Benchmark’s Bill Gurley Takes Aim at SPACs

Bill Gurley, one of Silicon Valley’s most famous venture capitalists, has long been a critic of traditional initial public offerings, in part because the big gains in first-day stock price mean some categories of investor benefit at the expense of the company. Now, he says those price jumps could signal a breach of fiduciary duty.

"Those companies could theoretically be held accountable," Gurley, a general partner at Benchmark, said on Bloomberg Technology on Friday. "The problem is getting ginormously worse."

Benchmark’s Bill Gurley Takes Aim at Latest IPO Gains

Gurley has long advocated direct listings, yet another way private companies can enter public markets, over IPOs. He said IPO pops had become more dramatic recently, indicating an underpricing of shares that could have let some investors gain unfairly.

“DL >> SPAC >> IPO” he wrote later Friday in an email to Bloomberg, using the abbreviation for “greater than,” and signaling he prefers direct listings to special purpose acquisition companies, which are still better than IPOs. 

On Friday, Gurley also criticized the recent market tumult and run-up in shares of GameStop Corp., driven by commenters on Reddit Inc. and day-traders on Robinhood Markets Inc.
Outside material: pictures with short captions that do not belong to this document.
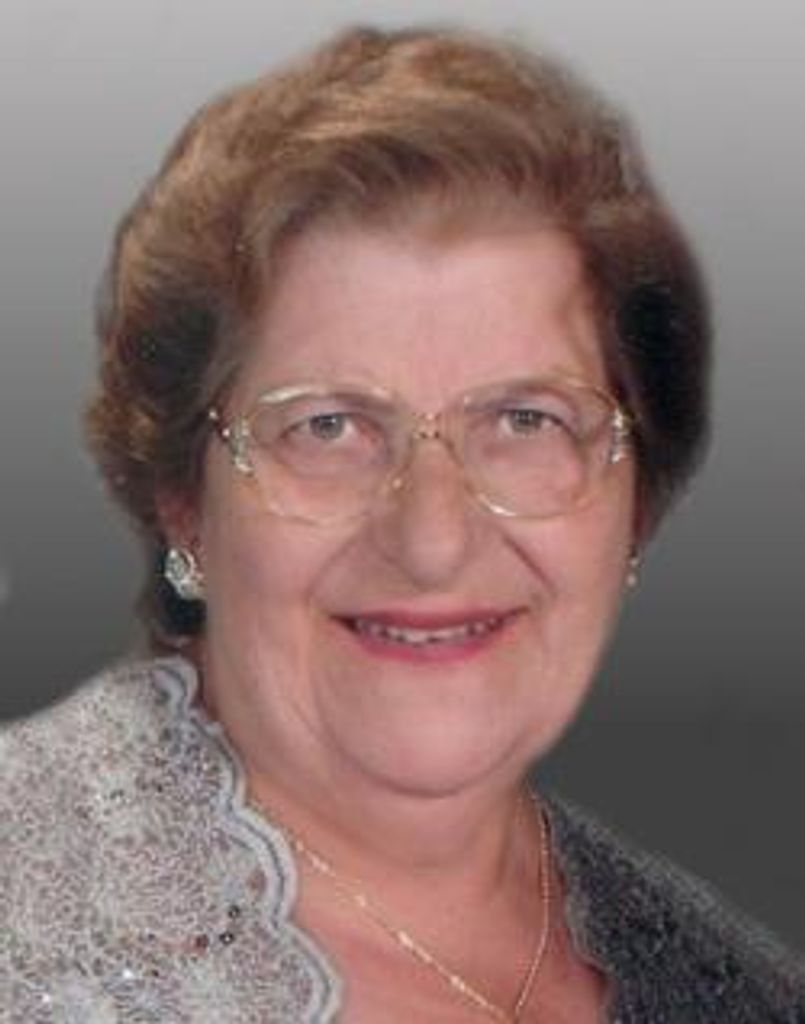 Sandra Caravella Profile Photo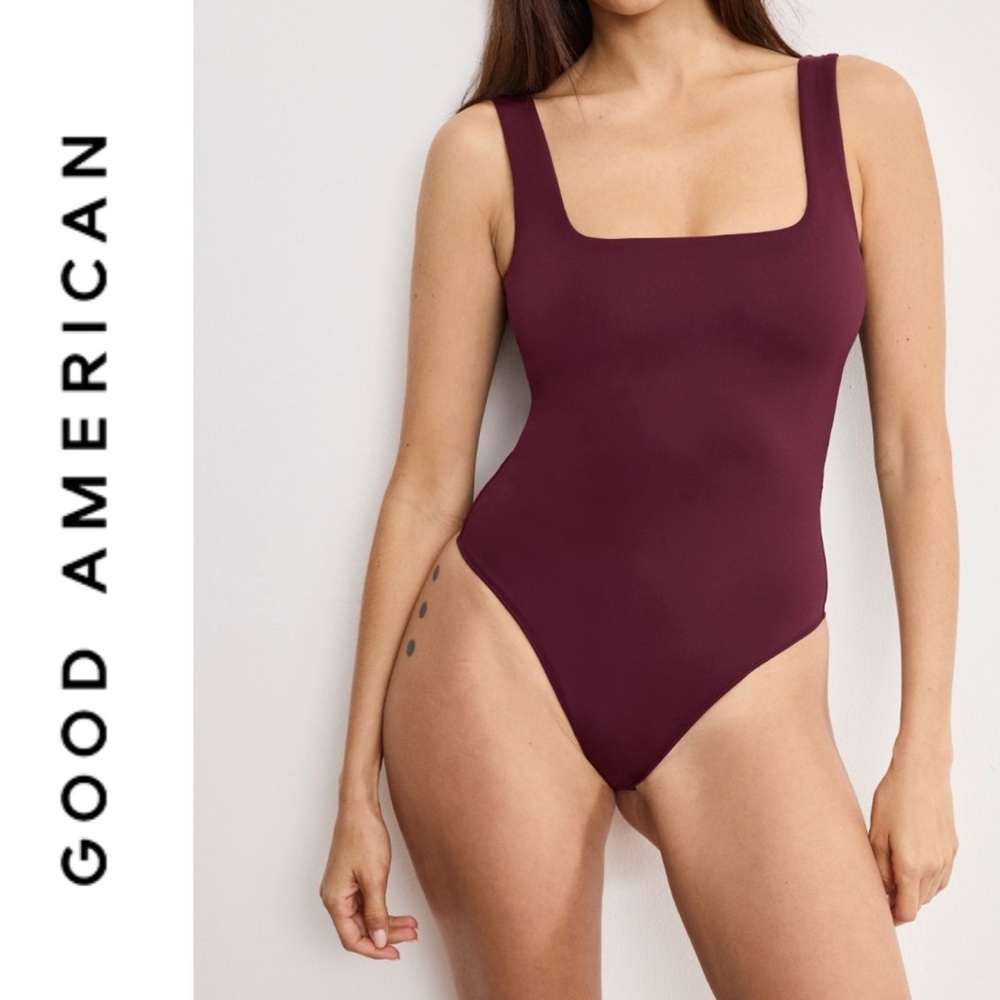 Good American Modern Tank Square Neck Contour Sculpting Thong Bodysuit in Brick - Picture 2 of 10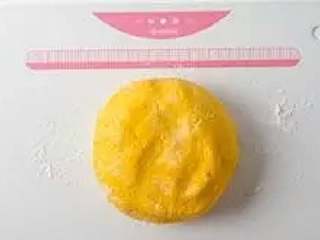 6、南瓜饼,和成南瓜团状，不沾手即可。（揉得干一点比较好，面团里也可加少量食用油，会使成品外观比较有光泽。）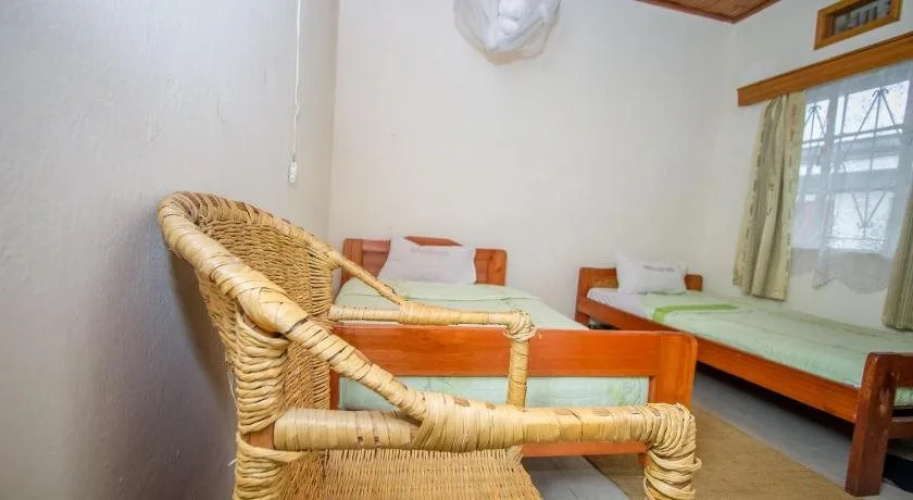 Sabinyo Guest House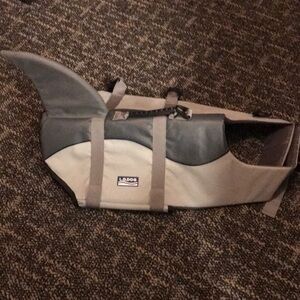 L.D. Dog XL Shark Life Jacket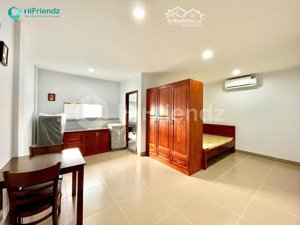 cho thuê phòng có cửa sổ máy giặt riêng gần vincom phan văn trị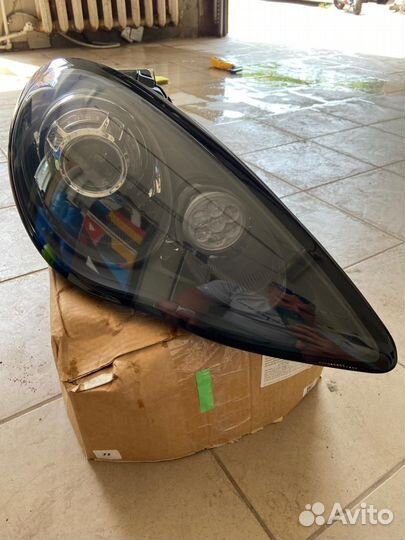 Фара передняя Porsche Panamera 2012г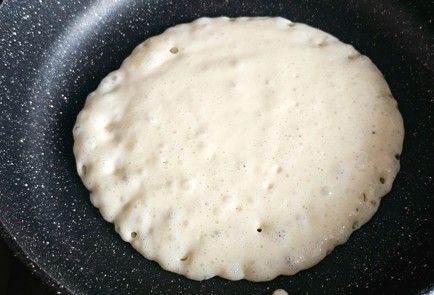 Фото шага рецепта Блины на дрожжах 191389 шаг 10  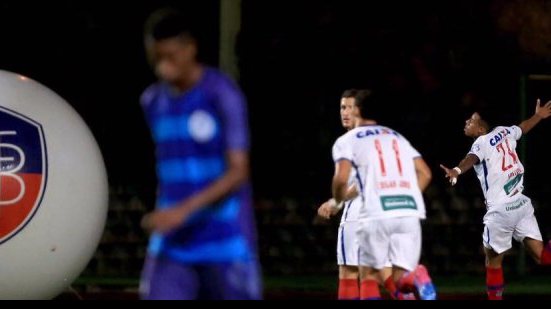 Imagem Bahia vence o Atlântico, garante vice-liderança e vantagem para semifinal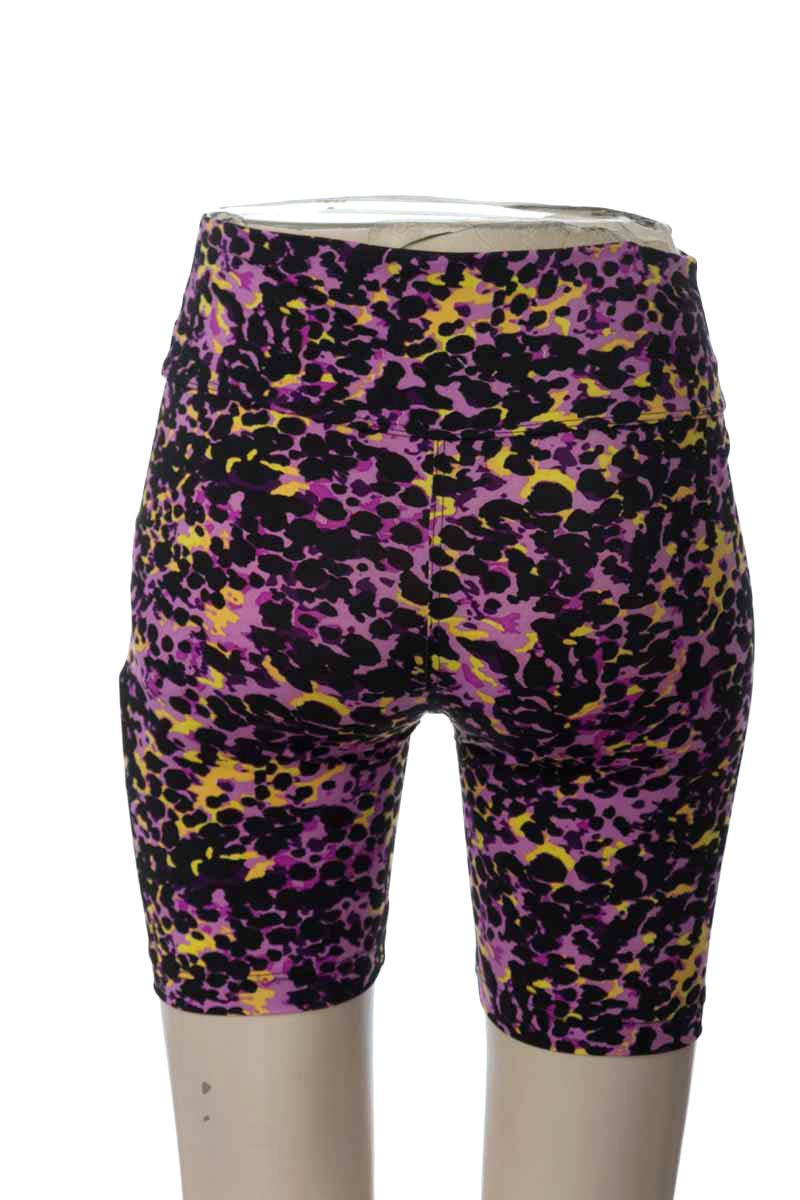 Ropa Deportiva / Salida de Baño color Lila - Closeando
Gurley advocated banning “payment for order flow”—the process of selling trades to market makers for execution, and which is how Robinhood Markets Inc. makes money. “What Robinhood is really doing, I think, is glorifying speculation,” Gurley said on Bloomberg Technology. “They’re not democratizing investment.”

In an op-ed in USA Today on Sunday Robinhood Chief Executive Officer Vlad Tenev said, “We will stand right beside everyday people in our mission to break down barriers to open the financial system.” 

Separately, Gurley, a former stock analyst in the 1990s whose companies included Amazon Inc., addressed Jeff Bezos's announcement he would be relinquishing his position as Amazon’s CEO. Regulatory risk would affect other less-entrenched companies more than Amazon, he said.

"Regulation is a friend of the incumbent," he said.